L’exposé en sciences économiques.
Deux aspects sont ici examinés : si votre question repose sur des bases théoriques et si les données dont vous avez besoin sont réellement accessibles. Ces deux éléments sont déterminants avant même la première ligne du corps du texte.
L'exposé décrit la lacune de recherche, le cadre théorique, la question de recherche, le modèle ou les hypothèses, la base de données, la méthode, la contribution attendue et le calendrier. Pour les professionnels, l'accès aux données est le point crucial : sans engagement écrit ferme, même le meilleur projet reste à l'état d'ébauche.
Les éléments constitutifs
Le volume est généralement compris entre 8 et 15 pages, selon les consignes du directeur de thèse.
Le cadre théorique sous-tend le travail
En sciences économiques, c’est le cadre qui détermine quelles variables sont pertinentes et comment les résultats sont interprétés. Quiconque mène une enquête sans cadre produit des données dépourvues d’interprétation, et c’est précisément ce qui ressort lors de l’évaluation.
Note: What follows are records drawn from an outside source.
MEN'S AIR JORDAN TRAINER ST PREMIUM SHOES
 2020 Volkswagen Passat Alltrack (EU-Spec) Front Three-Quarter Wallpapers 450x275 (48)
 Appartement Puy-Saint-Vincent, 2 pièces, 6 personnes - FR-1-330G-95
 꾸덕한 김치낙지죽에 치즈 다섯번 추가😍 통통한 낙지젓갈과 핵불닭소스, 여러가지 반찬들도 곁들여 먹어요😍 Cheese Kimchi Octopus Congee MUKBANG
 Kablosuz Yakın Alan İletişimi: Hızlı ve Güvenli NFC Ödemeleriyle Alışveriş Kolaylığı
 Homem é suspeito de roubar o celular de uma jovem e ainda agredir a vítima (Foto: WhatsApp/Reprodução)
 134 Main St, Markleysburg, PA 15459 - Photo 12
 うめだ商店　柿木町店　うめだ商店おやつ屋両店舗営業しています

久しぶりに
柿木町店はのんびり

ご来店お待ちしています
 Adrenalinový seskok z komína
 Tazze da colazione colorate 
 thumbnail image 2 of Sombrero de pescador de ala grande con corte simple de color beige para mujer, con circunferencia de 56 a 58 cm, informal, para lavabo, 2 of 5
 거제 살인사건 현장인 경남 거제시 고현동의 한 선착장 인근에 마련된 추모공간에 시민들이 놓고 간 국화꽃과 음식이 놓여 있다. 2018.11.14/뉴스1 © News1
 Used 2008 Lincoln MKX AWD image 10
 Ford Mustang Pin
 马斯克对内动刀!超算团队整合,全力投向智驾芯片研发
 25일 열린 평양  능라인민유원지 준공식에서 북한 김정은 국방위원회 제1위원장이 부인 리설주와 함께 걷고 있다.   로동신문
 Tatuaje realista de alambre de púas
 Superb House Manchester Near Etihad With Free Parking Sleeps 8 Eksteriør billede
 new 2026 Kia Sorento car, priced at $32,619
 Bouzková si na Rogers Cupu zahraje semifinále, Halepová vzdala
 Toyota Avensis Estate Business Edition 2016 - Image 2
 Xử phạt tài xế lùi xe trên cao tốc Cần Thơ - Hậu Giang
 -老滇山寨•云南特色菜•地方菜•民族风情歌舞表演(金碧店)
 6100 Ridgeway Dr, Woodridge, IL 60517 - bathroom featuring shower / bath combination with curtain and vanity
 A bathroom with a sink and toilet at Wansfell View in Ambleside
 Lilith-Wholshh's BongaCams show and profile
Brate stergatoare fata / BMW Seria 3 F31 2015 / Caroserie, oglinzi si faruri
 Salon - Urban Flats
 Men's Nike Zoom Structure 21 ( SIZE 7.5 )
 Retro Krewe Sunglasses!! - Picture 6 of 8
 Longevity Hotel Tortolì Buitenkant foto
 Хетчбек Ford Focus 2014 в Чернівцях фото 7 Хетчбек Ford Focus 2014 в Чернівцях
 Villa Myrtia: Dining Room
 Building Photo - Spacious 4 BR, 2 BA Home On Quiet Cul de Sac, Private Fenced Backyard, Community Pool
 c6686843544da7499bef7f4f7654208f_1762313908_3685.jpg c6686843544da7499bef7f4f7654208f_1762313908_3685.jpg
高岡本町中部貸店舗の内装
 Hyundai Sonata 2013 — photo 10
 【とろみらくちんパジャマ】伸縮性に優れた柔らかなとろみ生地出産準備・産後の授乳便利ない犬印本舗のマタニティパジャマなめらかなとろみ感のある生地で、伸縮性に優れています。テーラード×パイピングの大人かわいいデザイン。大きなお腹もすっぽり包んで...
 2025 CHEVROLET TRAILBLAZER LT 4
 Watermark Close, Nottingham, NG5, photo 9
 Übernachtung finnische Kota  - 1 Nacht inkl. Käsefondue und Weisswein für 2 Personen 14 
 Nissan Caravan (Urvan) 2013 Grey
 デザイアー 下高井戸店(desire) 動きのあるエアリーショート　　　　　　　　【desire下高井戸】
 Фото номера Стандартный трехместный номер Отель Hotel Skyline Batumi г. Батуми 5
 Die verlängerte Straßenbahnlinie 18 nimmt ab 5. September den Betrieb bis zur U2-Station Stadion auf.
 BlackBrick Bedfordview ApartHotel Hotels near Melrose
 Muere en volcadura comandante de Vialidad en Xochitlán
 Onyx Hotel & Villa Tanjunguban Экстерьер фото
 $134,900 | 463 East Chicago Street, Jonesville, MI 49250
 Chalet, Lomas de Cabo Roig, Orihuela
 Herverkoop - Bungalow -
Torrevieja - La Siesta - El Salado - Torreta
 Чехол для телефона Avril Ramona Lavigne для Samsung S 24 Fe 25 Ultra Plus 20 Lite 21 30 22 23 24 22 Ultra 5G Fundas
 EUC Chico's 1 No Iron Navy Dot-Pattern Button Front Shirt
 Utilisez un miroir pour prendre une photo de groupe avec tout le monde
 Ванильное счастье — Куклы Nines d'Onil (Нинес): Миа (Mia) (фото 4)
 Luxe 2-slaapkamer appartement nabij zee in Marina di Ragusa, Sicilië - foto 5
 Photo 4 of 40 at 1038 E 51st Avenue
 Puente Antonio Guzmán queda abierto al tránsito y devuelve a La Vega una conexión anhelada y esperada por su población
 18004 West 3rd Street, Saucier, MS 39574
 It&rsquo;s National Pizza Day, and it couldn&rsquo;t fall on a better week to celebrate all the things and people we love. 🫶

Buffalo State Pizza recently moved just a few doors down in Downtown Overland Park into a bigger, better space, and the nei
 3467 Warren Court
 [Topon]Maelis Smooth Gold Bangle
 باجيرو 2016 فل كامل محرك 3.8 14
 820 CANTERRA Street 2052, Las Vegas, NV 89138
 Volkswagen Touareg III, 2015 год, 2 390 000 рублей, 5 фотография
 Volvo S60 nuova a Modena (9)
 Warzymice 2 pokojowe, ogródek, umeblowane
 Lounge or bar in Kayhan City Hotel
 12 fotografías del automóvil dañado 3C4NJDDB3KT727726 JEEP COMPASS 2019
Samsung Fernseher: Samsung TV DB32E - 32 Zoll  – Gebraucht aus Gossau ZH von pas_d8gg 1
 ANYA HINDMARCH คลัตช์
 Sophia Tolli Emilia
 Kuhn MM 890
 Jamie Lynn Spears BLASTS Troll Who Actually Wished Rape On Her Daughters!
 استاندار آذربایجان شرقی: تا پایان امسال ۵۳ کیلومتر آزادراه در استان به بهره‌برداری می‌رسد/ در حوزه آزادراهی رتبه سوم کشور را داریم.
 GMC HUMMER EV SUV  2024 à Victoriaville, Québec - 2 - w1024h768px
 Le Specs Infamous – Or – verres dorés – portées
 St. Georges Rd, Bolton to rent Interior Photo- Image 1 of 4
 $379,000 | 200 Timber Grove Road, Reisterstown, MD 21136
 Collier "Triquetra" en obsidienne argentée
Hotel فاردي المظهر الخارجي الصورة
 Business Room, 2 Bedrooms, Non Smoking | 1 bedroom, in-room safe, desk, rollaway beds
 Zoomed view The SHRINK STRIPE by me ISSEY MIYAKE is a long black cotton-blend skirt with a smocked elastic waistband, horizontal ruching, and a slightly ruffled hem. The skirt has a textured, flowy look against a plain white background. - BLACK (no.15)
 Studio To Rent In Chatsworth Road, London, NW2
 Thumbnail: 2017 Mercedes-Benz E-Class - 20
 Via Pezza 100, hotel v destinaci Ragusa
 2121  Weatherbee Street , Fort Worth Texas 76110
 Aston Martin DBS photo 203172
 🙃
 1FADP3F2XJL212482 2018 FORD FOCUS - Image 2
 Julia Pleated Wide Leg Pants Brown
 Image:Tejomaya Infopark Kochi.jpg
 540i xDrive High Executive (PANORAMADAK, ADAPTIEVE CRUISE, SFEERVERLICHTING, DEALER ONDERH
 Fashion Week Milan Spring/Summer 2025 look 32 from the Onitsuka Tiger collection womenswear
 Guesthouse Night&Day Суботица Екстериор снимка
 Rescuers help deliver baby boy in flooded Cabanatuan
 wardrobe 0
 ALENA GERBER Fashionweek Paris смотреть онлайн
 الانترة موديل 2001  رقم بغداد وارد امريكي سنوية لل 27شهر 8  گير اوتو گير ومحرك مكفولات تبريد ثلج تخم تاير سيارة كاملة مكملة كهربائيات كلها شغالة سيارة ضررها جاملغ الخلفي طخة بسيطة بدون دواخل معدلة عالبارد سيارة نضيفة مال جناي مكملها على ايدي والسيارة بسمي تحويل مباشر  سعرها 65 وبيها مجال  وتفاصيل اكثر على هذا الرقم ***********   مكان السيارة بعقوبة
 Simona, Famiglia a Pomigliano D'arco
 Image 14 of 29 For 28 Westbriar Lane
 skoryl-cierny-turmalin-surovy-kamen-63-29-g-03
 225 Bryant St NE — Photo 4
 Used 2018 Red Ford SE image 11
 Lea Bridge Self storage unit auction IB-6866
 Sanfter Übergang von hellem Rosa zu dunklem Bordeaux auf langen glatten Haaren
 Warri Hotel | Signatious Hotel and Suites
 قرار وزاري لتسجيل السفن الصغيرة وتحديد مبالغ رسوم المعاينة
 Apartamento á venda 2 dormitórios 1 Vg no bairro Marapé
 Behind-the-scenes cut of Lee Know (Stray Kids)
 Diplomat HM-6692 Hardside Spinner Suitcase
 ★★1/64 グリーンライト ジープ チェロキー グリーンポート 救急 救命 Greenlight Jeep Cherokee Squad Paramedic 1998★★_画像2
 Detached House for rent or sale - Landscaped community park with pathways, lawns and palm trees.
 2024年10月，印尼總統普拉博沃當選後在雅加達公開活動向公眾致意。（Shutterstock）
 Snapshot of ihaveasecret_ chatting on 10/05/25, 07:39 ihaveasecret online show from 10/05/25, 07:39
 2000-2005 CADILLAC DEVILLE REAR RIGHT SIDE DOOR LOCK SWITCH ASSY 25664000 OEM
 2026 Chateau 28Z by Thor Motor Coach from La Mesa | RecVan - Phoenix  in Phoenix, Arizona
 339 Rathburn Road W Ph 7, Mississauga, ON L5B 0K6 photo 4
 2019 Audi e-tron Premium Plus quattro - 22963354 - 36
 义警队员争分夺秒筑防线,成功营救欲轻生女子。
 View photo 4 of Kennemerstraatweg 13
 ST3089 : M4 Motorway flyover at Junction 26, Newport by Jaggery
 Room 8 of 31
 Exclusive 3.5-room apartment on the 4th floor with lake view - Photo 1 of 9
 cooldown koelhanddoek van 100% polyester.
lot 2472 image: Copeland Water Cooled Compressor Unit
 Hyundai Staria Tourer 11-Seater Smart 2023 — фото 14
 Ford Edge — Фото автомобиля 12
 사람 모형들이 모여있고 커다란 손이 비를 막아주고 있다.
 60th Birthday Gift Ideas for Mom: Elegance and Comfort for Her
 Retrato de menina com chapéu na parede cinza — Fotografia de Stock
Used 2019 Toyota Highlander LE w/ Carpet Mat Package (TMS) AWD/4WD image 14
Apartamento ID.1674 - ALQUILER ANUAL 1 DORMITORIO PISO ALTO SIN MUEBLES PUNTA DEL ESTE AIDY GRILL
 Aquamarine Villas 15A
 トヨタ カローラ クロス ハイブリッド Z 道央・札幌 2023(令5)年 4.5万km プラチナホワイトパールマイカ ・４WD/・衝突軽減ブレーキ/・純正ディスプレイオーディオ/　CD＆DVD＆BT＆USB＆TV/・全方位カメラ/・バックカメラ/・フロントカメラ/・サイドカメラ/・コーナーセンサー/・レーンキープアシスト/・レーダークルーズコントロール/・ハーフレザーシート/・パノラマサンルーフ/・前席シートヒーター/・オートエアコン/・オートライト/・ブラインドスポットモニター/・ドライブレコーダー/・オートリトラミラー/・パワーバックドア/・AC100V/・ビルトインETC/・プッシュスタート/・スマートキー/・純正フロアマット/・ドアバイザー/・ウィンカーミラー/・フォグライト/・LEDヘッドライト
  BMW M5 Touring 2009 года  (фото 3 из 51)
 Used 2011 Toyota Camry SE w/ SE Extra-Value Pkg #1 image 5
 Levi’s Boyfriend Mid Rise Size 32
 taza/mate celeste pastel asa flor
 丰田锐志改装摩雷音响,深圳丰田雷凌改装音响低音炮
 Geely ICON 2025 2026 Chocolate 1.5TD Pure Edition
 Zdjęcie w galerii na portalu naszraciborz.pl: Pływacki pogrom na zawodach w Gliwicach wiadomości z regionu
Le cadre n’a pas besoin d’être nouveau. Il doit être adapté, correctement référencé et permettre de voir en quoi votre travail l’élargit, le remet en question ou le transpose dans un nouveau contexte.
Bien ancrer le travail dans la pratique
Un sujet issu de votre propre entreprise constitue un atout, à condition que la question dépasse le cadre du cas particulier. Ne formulez donc pas le problème de votre service, mais la question générale qui se cache derrière, et montrez pourquoi la réponse s’applique également à d’autres organisations.
Consignez par écrit quelles données vous êtes autorisé à utiliser et ce qui peut être publié. Cette autorisation doit être jointe en annexe au résumé. Elle répond à la première question de tout directeur de thèse avant même qu’elle ne soit posée.
Faiblesses fréquentes
Sans ancrage théorique, les résultats restent descriptifs et difficiles à interpréter. C’est le motif de rejet le plus fréquent.
Une question principale accompagnée de quelques sous-questions est plus percutante qu’un catalogue qu’il est impossible de traiter à aucune étape.
Le point de rupture le plus fréquent. Les questions d’accès doivent être abordées avant la conception, et non pendant la phase de collecte.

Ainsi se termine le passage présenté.